- [What you are asked to do] Produce as output only the lines below starting at the line with "4.49 Ct. Emerald Ring, 18K White & Yellow 1" and continuing through the line with "Vintage Cherub Vanity Footed Hand Mirror", each one exactly as written.

- [Record set]
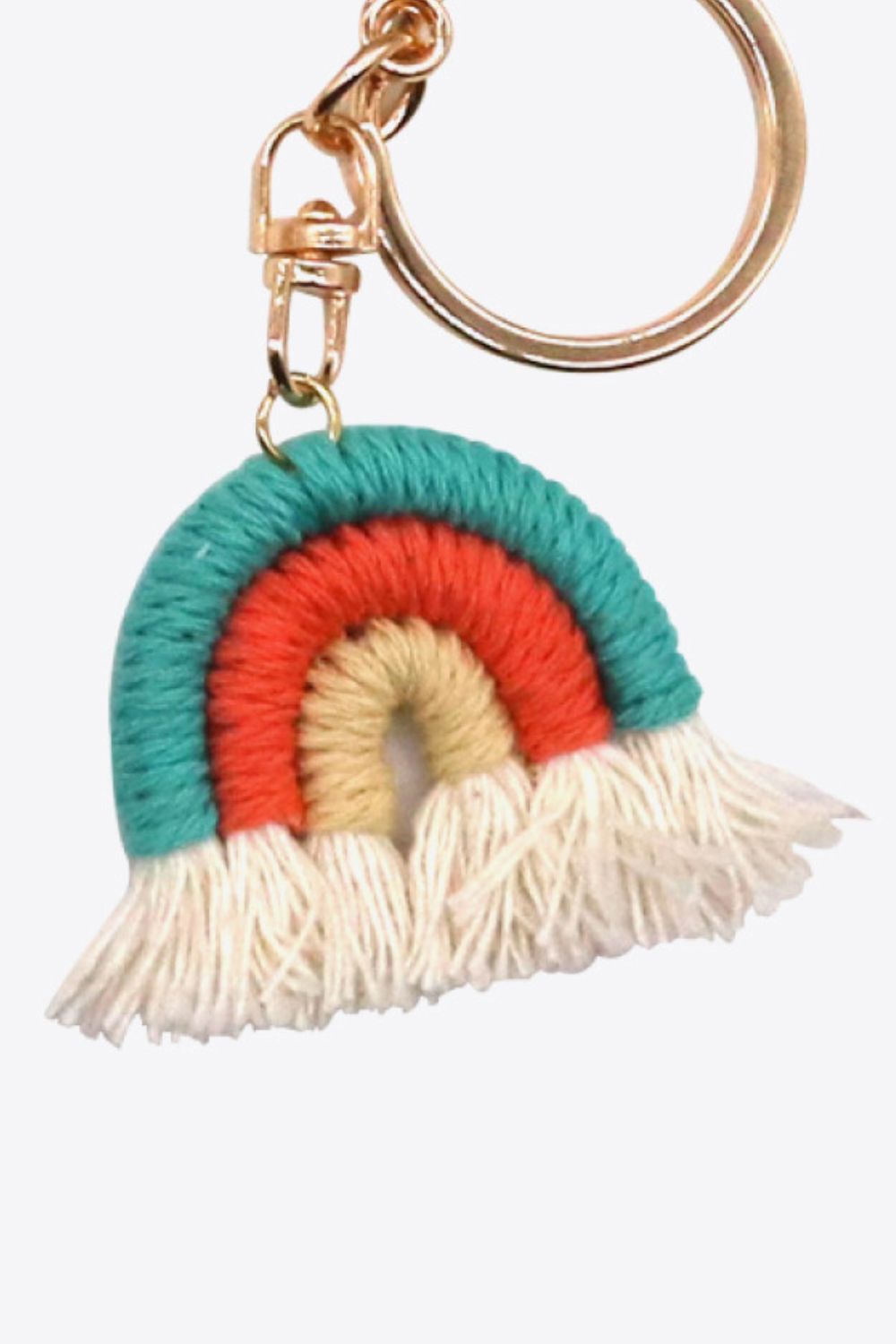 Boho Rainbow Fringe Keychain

* * *

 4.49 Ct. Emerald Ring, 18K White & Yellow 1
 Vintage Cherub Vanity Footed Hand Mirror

- [Response area]
 4.49 Ct. Emerald Ring, 18K White & Yellow 1
 Vintage Cherub Vanity Footed Hand Mirror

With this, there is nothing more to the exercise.